Exercise details: Could you set down the listing below exactly and omit its images?

Dataset extract:
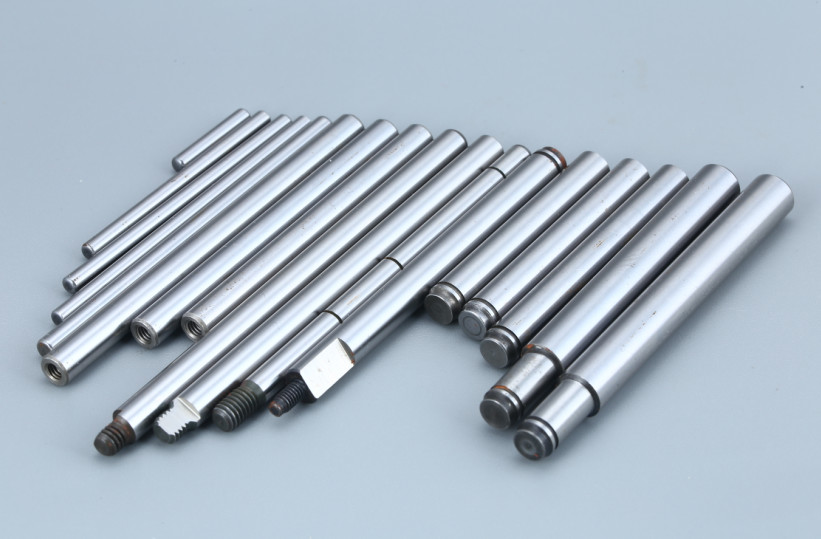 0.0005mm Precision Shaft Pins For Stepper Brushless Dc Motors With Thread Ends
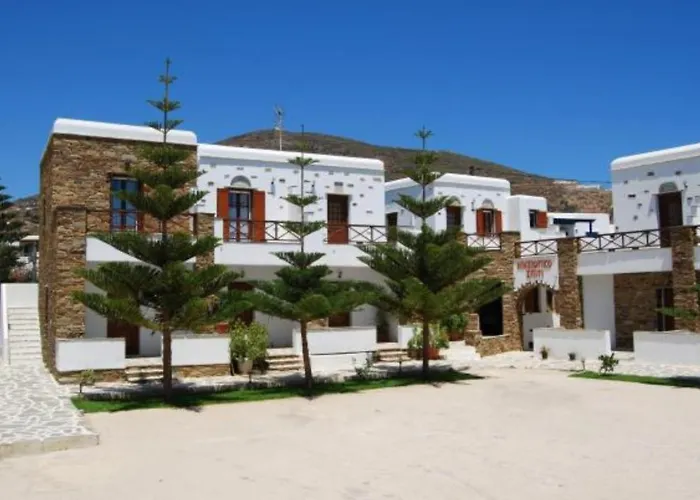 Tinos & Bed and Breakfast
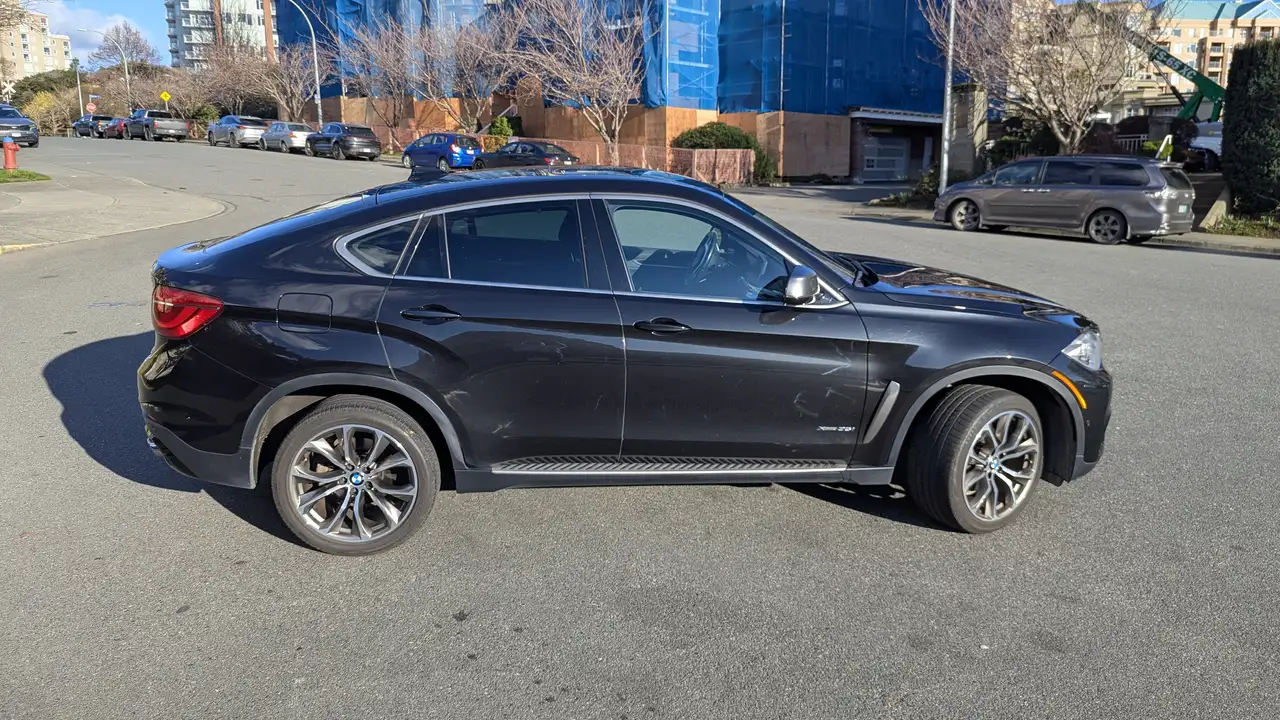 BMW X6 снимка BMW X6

Exercise solution:
 0.0005mm Precision Shaft Pins For Stepper Brushless Dc Motors With Thread Ends
 Tinos & Bed and Breakfast
 BMW X6 снимка BMW X6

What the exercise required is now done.